Topping three-time NRA Long Range champ John Whidden by a single point (with an X to spare), Luckman now has an American trophy to add to his collection. A fitting tribute to the days he spent so many years ago finding his way around the Sedgemoor Target Shooting Club.
Starting rifle at an early age in England
Growing up, Luckman started shooting for the same reason most kids his age did anything … because his older brother did.
"I started smallbore at a local club because my brother and my dad did it," he explained. "I really enjoyed the competitive side of it so it went on from there and started fullbore when I was 16. My brother (four years older) already experienced some good success and I was trying to follow his footsteps."
In time he found his focus. Shots became easier, scores became higher and people started to notice. That's when the national team came calling.
"I got onto the junior team that came over to Canada in 1994 and shot for the first time for England in 1996. Made my first junior team when I was 20 and made it every year since."
Over those years, he's completed what most competitors refer to as the Long Range High Power Rifle circuit. Events in South Africa, Australia, New Zealand and the United States to be exact. Even those exotic locations can grow a little routine over time, so officials do their best to change things up when given the opportunity.
"The Australia Match will be in the West Indies next year so that is going to be a new one. Probably be a one off, but looking forward to go off and participate in that one."
Finding the time … for Rifle, Country and Family
The only thing more difficult then finding a range that'll handle a 1,000 yard shot is finding the time to perfect said shot. Working as an Actuary (a number guy who deals with the financial risk and uncertainty) in Great Britain, my first assumption was that David's rifle time would be limited at best. That was far from the fact.

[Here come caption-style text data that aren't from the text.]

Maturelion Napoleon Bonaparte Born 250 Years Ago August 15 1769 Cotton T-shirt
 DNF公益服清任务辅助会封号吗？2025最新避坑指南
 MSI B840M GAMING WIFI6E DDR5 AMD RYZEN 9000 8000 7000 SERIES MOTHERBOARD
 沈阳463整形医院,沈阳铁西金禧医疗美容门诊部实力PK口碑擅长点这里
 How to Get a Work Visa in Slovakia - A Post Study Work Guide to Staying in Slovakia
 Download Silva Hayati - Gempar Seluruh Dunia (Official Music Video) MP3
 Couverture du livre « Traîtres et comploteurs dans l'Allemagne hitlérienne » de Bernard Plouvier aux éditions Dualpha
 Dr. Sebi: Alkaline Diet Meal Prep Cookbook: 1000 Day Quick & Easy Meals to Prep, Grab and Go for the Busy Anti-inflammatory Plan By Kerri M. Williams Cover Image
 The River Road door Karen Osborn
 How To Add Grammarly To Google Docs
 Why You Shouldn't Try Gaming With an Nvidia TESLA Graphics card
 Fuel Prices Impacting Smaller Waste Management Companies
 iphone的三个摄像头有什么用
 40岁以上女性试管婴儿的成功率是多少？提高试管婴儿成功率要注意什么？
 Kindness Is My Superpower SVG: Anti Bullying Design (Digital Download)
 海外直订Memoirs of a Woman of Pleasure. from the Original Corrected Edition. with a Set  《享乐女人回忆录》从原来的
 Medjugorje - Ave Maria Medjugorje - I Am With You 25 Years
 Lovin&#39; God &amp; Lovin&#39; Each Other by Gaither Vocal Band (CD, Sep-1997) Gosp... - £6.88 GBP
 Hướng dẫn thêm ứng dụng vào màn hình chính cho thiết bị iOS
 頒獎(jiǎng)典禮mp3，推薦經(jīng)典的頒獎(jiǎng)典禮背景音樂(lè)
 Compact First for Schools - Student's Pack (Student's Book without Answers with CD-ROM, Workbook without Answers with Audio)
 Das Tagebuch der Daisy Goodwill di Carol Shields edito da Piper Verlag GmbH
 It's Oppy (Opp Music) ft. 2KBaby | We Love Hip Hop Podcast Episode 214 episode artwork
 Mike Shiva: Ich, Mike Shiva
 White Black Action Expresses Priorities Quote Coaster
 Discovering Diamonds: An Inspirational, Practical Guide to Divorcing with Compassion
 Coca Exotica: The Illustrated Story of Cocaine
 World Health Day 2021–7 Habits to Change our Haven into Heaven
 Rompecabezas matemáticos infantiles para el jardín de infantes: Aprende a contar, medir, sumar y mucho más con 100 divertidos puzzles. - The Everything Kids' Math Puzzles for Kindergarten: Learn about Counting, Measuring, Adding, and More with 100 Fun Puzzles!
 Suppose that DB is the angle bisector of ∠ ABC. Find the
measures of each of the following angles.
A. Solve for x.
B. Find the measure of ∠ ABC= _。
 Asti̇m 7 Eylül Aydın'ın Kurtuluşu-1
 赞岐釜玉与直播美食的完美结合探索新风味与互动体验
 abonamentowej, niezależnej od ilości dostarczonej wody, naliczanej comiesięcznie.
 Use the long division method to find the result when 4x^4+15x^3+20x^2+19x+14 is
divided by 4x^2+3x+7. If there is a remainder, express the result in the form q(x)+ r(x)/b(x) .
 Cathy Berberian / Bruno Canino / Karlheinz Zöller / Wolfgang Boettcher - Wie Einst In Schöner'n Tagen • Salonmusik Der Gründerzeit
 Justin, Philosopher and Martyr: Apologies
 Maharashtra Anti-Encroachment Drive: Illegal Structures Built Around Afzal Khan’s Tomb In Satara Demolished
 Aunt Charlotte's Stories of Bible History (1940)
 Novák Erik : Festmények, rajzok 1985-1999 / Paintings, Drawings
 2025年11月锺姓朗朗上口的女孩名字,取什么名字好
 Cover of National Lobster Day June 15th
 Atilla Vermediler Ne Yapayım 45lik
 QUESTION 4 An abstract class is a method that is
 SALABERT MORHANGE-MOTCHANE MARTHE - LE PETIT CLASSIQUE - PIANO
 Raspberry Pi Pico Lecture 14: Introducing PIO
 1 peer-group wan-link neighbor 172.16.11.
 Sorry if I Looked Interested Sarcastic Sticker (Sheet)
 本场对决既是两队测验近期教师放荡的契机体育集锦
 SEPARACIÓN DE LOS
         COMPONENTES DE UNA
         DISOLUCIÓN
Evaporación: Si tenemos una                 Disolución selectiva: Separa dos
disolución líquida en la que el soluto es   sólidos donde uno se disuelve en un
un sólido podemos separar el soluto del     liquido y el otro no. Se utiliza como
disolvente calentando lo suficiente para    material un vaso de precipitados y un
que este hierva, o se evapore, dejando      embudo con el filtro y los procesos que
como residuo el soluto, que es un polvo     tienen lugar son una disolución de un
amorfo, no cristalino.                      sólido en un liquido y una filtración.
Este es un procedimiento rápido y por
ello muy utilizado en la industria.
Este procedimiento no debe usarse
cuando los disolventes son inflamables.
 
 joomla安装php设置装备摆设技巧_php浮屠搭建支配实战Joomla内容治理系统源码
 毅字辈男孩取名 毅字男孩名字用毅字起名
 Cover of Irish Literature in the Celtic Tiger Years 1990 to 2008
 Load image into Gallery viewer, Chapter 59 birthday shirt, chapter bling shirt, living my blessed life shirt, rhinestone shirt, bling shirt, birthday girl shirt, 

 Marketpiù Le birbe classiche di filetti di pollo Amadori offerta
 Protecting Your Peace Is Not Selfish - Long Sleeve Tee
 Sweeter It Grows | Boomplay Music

"My employer provides an extra two weeks off every year to cover representative teams … the are very good on that front," said Luckman. "If you represent your country at any sport then they give you the time. They are very encouraging and supportive in how we get on."
But finding time away from work is only one hurdle in the rifle race. An accomplished tennis player, David also enjoys running, swimming and looking after his 14 month old son.
"Thomas is taking up a fair amount of our time," he said with a laugh. "He's just on the edge of walking without support. Trouble to come."